The incendiary nature of is-dead statements often conceal the subtle but important ideas behind them. Dave’s declaration is no different. What he’s really suggesting is that cloud will rapidly shift the traditional priorities with respect to services governance. In the big SOA era (before Jan 1, 2009), design-time governance was king. It fit nicely into the plan-manage-control discipline underpinning a large enterprise-scale SOA effort. And to support this, tool vendors rushed in and offered up applications to facilitate the process. Run time services governance, in contrast, was often perceived as something you could ignore until later–after all, on-premise IT has reasonably good security and monitoring in place. The technology might be old and the process a little byzantine, but it could tide you over. And if any internal staff were caught accessing services they shouldn’t be you could just fire them.
The cloud inverts this priority. If you deploy even one service into the public cloud, you must have runtime service governance in place. That one service needs to be hardened and protected as you would a DMZ-based application.

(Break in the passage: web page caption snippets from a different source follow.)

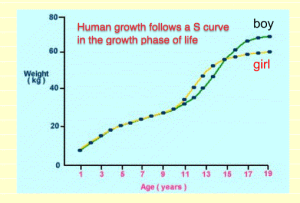 Human growth curve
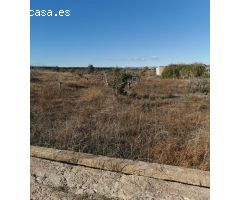 Terreno rustico de 8 anegadas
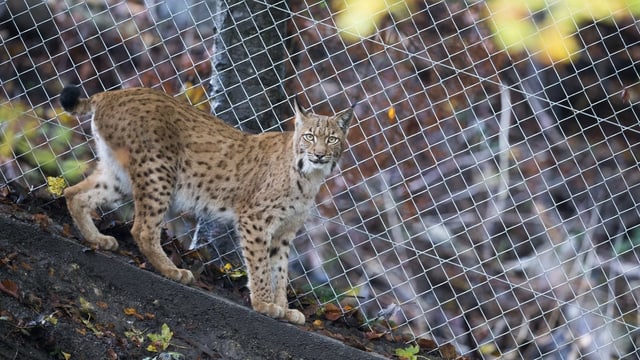Luchs in Gehege. Luchs in Gehege.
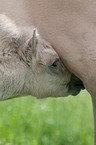 Fjord Horse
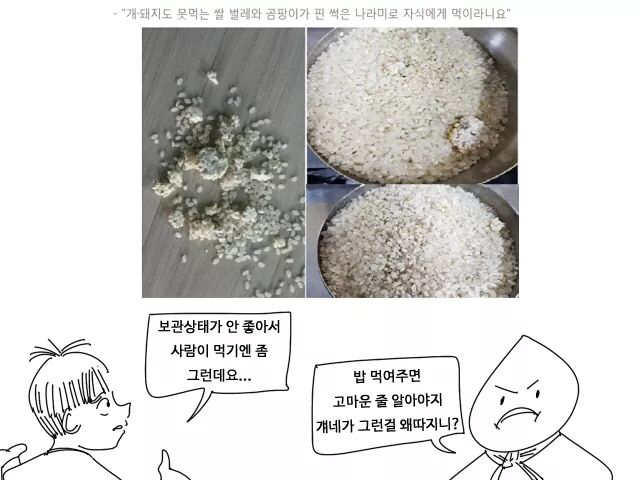 잉여쌀을 해결하는 방법 | 인스티즈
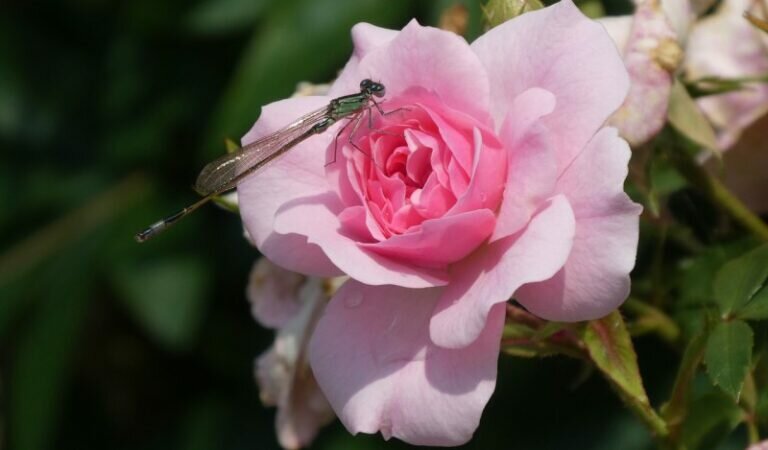 A Celebration Of Life: Rena Victoria Finlay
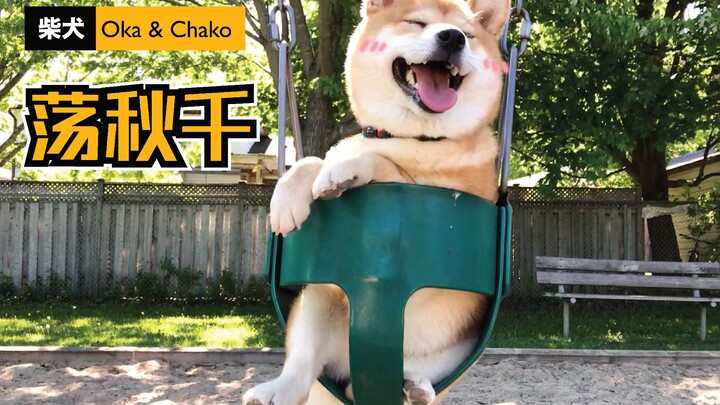 The Shiba Inu swinging on the swing is absolutely adorable! [Shiba Inu Observation Bureau]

You must have continuous visibility into its operation from the moment you turn it on. Run time governance simply cannot be put off.
The cloud is also about agility. We are attracted to the cloud because it offers rapid deployment, elastic computing, and that hard to refuse pay-for-what-you-need model. This same sense of agility is a leitmotiv throughout the entire development process. When you talk to teams that have been successful with the cloud, they are usually small, they rail against enterprise bureaucracy, and agile development process is in their DNA. They are comfortable and extremely efficient with the tools and process they have, and they don’t see a lot of reason to change this. Do they still need discipline, organization, process, communication, sharing? Absolutely–but they have this; it’s ingrained into their existing process. I see this in my teams developing products every day. It’s the mix of great management, excellent people, process where it’s been shown to be needed, and a basic set of tools we all rely on every day.
Will design-time services governance tools disappear completely? Of course not. But their value becomes apparent with scale, when you begin to approach “a lot of services” (and no, nobody really knows what this means–probably more than a scoville, less than a parsec). The point is, in the cloud nobody starts there, but they do need to focus immediately on the threats.
In the end, governance priorities in the cloud come down to a pretty simple precept: Duplicating a piece of functionality probably won’t get you fired; leaving an open door that was used to compromise corporate data probably will.